I checked the Keffer VW parts site. The factory mirror glass has the same P/N's for the Jetta-VI and Beetle. So I bought a set of the aspherical glass from ECS Tuning, and it does indeed fit :thumbup:


----------



## KCXTWO (Apr 27, 2013)

g-man_ae said:


> I checked the Keffer VW parts site. The factory mirror glass has the same P/N's for the Jetta-VI and Beetle. So I bought a set of the aspherical glass from ECS Tuning, and it does indeed fit :thumbup:


Looks great, are those the blue tinted one?


----------



## KCXTWO (Apr 27, 2013)

KCXTWO said:


> Looks great, are those the blue tinted ones?


----------



## g-man_ae (Jun 20, 2001)

Yes, they're the blue tinted ones ECS sourced for the Jetta-VI.


----------



## KCXTWO (Apr 27, 2013)

g-man_ae said:


> Yes, they're the blue tinted ones ECS sourced for the Jetta-VI.


Thank you


----------



## UNDER PSI (Aug 23, 2015)

*My mirrors are No Longer For Sale*

My mirrors are No Longer For Sale


----------



## g-man_ae (Jun 20, 2001)

So far as we know, there isn't an OEM option for the aspherical or "blind spot" mirror glass. The only option is the set sold by ECS Tuning. Although made for the Jetta-VI, I can confirm they do in fact fit the 2012 Beetle.










Unfortunately they are nowhere near "OEM" quality - IMO they're more like what you'd find on eBay from mainland China. The glass seems to be cut a little rough around the edges, and there's something not right about the tint. After less than a year, that "not right" quality is the tint removing itself from the glass:










(pic from wife's 2012 Beetle Base)

See that spot near the middle that looks like someone sneezed on the mirror? That's the blue tint flaking off :thumbdown: 

I'm surprised this happened with an ECS product... Buyer beware.


----------



## PROvoker (Feb 1, 2020)

This is to share my experience. Hope this may help.
I bought pre-owned US market 2015 Bettle Base for my wife. Since there is no official replacement for stock US left flat mirror(P/N:*5C6857521J)I had to try on several mirror glasses designed for other VW cars with a help of local VW dealer. I was pretty sure european jetta VI mirror should fit but it didn't. Then I tried one designed for european VW Polo/UP models ( P/N: 6RU857521F) and surprisingly it fitted. It is not 100% same shape(a bit tight in the upper left corner) but you can plug it in your mirror housing and adjust it. 
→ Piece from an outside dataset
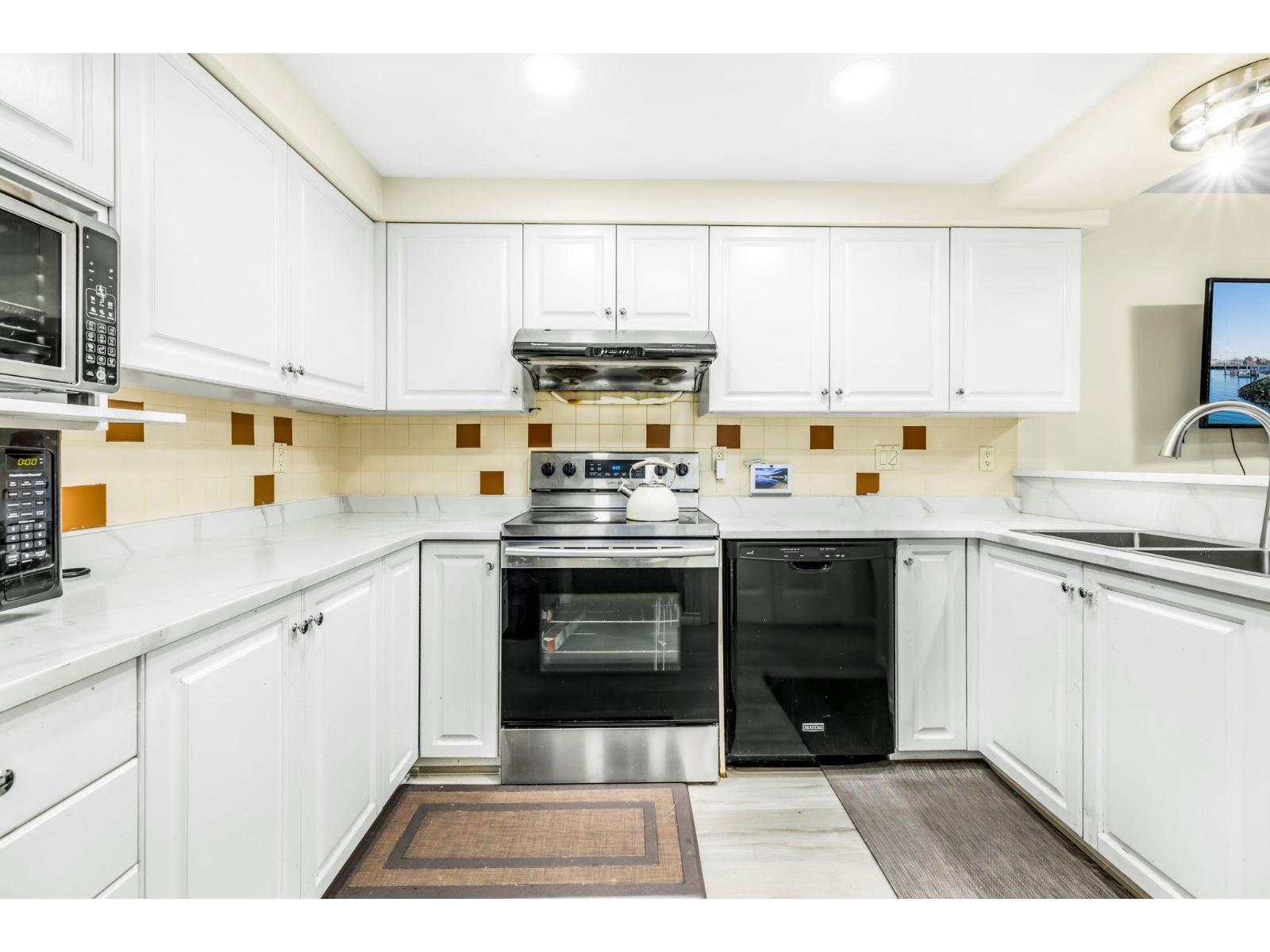 Photo 15 of 17 6478 121 Street, Surrey BC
A couple of slight modifications have to be performed before installation so that it looks like the stock mirror on the reverse side. Namely to cut one out of two plastic 'stability ears' on the back side of the mirror and to bend heating plugs strictly vertical (90° angle) with a help of pliers. Stock flat mirror has only one 'stability ear' made of metal hence there is only one slot for such thing in the US Bettle mirror housing. It should be obvious once you carefully remove your stock mirror and compare reverse sides of both. 
It is OEM VW convex and heated. The price is abt 3 times cheaper than for the stock one. Attached a couple of pictures fyi. Sorry for the quality.

IMO overall visibility has increased greatly.

https://www.flickr.com/photos/[email protected]/shares/5Pko32


----------